Supports insertion and access ordered eviction policies (FIFO, LRU, and Second Chance).
You can use a ConcurrentSkipListMap, only available in Java SE/EE 6 or later. It is order presevering in that keys are sorted according to their natural ordering. You need to have a Comparator or make the keys Comparable objects. In order to mimik a linked hash map behavior (iteration order is the order in time in which entries were added) I implemented my key objects to always compare to be greater than a given other object unless it is equal (whatever that is for your object).
A wrapped synchronized linked hash map did not suffice because as stated in
http://www.ibm.com/developerworks/java/library/j-jtp07233.html: "The synchronized collections wrappers, synchronizedMap and synchronizedList, are sometimes called conditionally thread-safe -- all individual operations are thread-safe, but sequences of operations where the control flow depends on the results of previous operations may be subject to data races. The first snippet in Listing 1 shows the common put-if-absent idiom -- if an entry does not already exist in the Map, add it. Unfortunately, as written, it is possible for another thread to insert a value with the same key between the time the containsKey() method returns and the time the put() method is called.

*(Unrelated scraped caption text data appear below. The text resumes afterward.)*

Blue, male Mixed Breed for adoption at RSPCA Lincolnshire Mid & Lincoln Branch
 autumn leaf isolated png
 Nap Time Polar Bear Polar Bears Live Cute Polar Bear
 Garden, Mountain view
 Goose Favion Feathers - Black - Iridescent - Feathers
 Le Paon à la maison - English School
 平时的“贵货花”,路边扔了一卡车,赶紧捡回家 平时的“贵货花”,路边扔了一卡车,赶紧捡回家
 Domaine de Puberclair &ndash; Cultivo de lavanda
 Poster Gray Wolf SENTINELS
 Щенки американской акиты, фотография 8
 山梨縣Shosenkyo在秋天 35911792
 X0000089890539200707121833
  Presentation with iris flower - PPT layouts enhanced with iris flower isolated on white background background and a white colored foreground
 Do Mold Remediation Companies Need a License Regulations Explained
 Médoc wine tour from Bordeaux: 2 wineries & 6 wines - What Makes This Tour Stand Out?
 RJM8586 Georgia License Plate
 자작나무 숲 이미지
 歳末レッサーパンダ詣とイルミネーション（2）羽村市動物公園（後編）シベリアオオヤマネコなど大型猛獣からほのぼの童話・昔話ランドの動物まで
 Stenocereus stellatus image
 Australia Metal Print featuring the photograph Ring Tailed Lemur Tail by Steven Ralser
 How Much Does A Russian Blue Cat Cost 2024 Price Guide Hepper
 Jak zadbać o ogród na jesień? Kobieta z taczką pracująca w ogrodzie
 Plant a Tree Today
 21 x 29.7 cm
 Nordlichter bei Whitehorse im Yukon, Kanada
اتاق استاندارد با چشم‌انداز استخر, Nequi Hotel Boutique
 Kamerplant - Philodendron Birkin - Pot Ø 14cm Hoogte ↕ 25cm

If you want to ensure exactly-once insertion, you need to wrap the pair of statements with a synchronized block that synchronizes on the Map m."
So what only helps is a ConcurrentSkipListMap which is 3-5 times slower than a normal ConcurrentHashMap.
Collections.synchronizedMap(new LinkedHashMap())
Since the ConcurrentHashMap offers a few important extra methods that are not in the Map interface, simply wrapping a LinkedHashMap with a synchronizedMap won't give you the same functionality, in particular, they won't give you anything like the putIfAbsent(), replace(key, oldValue, newValue) and remove(key, oldValue) methods which make the ConcurrentHashMap so useful.
Unless there's some apache library that has implemented what you want, you'll probably have to use a LinkedHashMap and provide suitable synchronized{} blocks of your own.
I just tried synchronized bounded LRU Map based on insertion order LinkedConcurrentHashMap; with Read/Write Lock for synchronization.
So when you are using iterator; you have to acquire WriteLock to avoid ConcurrentModificationException. This is better than Collections.synchronizedMap.
public class LinkedConcurrentHashMap<K, V> {
private LinkedHashMap<K, V> linkedHashMap = null;
private final int cacheSize;
private ReadWriteLock readWriteLock = null;
public LinkedConcurrentHashMap(LinkedHashMap<K, V> psCacheMap, int size) {
this.linkedHashMap = psCacheMap;
cacheSize = size;
readWriteLock=new ReentrantReadWriteLock();
}
public void put(K key, V value) throws SQLException{
Lock writeLock=readWriteLock.writeLock();
try{
writeLock.lock();
if(linkedHashMap.size() >= cacheSize && cacheSize > 0){
K oldAgedKey = linkedHashMap.keySet().iterator().next();
remove(oldAgedKey);
}
linkedHashMap.put(key, value);
}finally{
writeLock.unlock();
}
}
public V get(K key){
Lock readLock=readWriteLock.readLock();
try{
readLock.lock();
return linkedHashMap.get(key);
}finally{
readLock.unlock();
}
}
public boolean containsKey(K key){
Lock readLock=readWriteLock.readLock();
try{
readLock.lock();
return linkedHashMap.containsKey(key);
}finally{
readLock.unlock();
}
}
public V remove(K key){
Lock writeLock=readWriteLock.writeLock();
try{
writeLock.lock();
return linkedHashMap.remove(key);
}finally{
writeLock.unlock();
}
}
public ReadWriteLock getLock(){
return readWriteLock;
}
public Set<Map.Entry<K, V>> entrySet(){
return linkedHashMap.entrySet();
}
}
The answer is pretty much no, there's nothing equivalent to a ConcurrentHashMap that is sorted (like the LinkedHashMap). As other people pointed out, you can wrap your collection using Collections.synchronizedMap(-yourmap-) however this will not give you the same level of fine grained locking. It will simply block the entire map on every operation.
Your best bet is to either use synchronized around any access to the map (where it matters, of course. You may not care about dirty reads, for example) or to write a wrapper around the map that determines when it should or should not lock.
How about this.
Take your favourite open-source concurrent HashMap implementation. Sadly it can't be Java's ConcurrentHashMap as it's basically impossible to copy and modify that due to huge numbers of package-private stuff. (Why do the Java authors always do that?)
Add a ConcurrentLinkedDeque field.
Modify all of the put methods so that if an insertion is successful the Entry is added to the end of the deque. Modify all of the remove methods so that any removed entries are also removed from the deque. Where a put method replaces the existing value, we don't have to do anything to the deque.
Change all iterator/spliterator methods so that they delegate to the deque.
There's no guarantee that the deque and the map have exactly the same contents at all times, but concurrent hash maps don't make those sort of promises anyway.
Removal won't be super fast (have to scan the deque). But most maps are never (or very rarely) asked to remove entries anyway.
You could also achieve this by extending ConcurrentHashMap, or decorating it (decorator pattern).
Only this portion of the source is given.